Winner and other shamans operate in an altered state of consciousness, which helps them access the spiritual realms that people otherwise experience only in dreams and near-death experiences. Some shamans in native cultures use psychedelic drugs to alter their consciousness.

Core Shamanism — the form that’s practiced in Western cultures — uses a drumbeat instead.

“A drumbeat yields a more controllable experience,” Winner says. “In Core Shamanism it’s a steady monotonous beat like four–eight beats per second. That’ll put your brain in the Theta brainwave state, which is the one next to sleep, and it makes you less critical and more open to what you’re experiencing.”

Winner sets her client’s intention, then listens to a drumbeat as she enters the spiritual realms to find a helpful spirit. She asks questions, then brings back information or power to heal her clients. The process takes about an hour. Winner also teaches clients how to practice their own spiritual journeys to contact spirit helpers for answers, guidance or healing.

Core Shamanism includes a strong ethical component, Winner says, so shamans aren’t allowed to perform work on clients without permission since it interferes with free will.

Shamanism’s validity can’t be documented scientifically, but practitioners and those who’ve received shamanic work attest to its effectiveness and report miraculous cures, Winner says. Some shamans were born sensitive. Others had their consciousness opened by illness or trauma, but anyone can develop these abilities, Winner says. She says she was born sensitive and could see spirits when she was young.

For a while, Winner hid her unconventional practice from co-workers and clients in her law practice.

“I was in a firm and I thought that my coworkers wouldn’t feel that it reflected well on them to have somebody that was doing shamanism who’s ‘weird,’ but the last few years I was with the firm I didn’t hide it,” she says.

Winner left the firm last year to open her own law practice out of her home, where she also conducts shamanic work, provides one-on-one training and hosts a weekly drumming group.

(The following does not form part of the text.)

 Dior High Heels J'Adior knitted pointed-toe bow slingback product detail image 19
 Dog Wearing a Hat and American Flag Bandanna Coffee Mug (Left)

She will teach courses at the Foundation for Shamanic Studies starting in October.

Her favorite part of practicing shamanism is helping other people.

“I really like when I’m teaching somebody how to journey for the first time and they find an animal spirit and they get incredible information,” she says. “They’re so excited — it’s like the spirit was waiting for them for years, waiting to be able to communicate, so that’s kind of a neat thing. I like it when I do healings and people say they feel better.”

She has experienced personal benefits from the practice, as well.

“They say shamanism is not a path to enlightenment — but if you hang out with these compassionate spirits, you’re getting teachings from them and you do that long enough, you start to really be on the path to enlightenment,” she says. “It’s interesting stuff. It’s given me a worldview that’s more hopeful, like miracles are really possible. It’s nice to have that outlook.”

And to the naysayers who doubt the legitamacy of shamanism, Winner answers nonchalantly, “I say just try it; see if it works.”